*** Block opens ***

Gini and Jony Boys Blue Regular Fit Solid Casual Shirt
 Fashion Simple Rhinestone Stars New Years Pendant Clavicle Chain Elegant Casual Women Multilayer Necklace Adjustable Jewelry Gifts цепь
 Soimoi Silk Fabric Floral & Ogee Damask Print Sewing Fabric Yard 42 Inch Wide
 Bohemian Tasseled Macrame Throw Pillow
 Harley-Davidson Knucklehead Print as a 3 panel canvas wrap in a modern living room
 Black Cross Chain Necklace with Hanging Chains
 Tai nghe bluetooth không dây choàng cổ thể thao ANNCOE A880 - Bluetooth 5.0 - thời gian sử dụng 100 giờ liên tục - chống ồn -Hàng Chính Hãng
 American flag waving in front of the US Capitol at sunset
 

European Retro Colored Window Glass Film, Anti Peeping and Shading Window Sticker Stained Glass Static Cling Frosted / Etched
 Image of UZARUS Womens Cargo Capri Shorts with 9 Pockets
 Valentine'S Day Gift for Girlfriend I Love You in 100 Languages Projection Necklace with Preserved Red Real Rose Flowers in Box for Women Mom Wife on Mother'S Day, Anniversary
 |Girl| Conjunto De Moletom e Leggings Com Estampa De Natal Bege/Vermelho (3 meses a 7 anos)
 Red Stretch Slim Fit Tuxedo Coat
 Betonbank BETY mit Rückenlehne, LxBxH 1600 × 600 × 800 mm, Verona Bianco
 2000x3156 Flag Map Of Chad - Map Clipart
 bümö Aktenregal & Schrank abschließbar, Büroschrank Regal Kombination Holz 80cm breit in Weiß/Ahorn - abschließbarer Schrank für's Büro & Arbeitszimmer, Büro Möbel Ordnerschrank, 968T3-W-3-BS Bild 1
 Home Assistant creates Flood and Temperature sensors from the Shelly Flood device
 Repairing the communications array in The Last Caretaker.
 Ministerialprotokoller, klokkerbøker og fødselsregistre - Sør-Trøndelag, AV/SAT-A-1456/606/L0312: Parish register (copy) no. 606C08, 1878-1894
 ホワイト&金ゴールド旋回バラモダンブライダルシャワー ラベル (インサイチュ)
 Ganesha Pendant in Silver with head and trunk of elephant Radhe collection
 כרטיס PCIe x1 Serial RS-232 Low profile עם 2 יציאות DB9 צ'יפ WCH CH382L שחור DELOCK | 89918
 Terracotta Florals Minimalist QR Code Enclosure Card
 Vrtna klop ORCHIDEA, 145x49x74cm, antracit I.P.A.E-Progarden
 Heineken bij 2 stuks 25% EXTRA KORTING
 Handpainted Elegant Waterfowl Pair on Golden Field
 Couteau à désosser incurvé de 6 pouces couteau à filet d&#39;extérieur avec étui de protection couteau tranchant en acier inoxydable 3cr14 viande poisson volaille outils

*** Block closes ***

» **Assignment**: Beginning with the line containing "Tai nghe bluetooth" in the material above, copy every line exactly until you have copied the line containing "Image of UZARUS".

» **Result of the task**:
 Tai nghe bluetooth không dây choàng cổ thể thao ANNCOE A880 - Bluetooth 5.0 - thời gian sử dụng 100 giờ liên tục - chống ồn -Hàng Chính Hãng
 American flag waving in front of the US Capitol at sunset
 

European Retro Colored Window Glass Film, Anti Peeping and Shading Window Sticker Stained Glass Static Cling Frosted / Etched
 Image of UZARUS Womens Cargo Capri Shorts with 9 Pockets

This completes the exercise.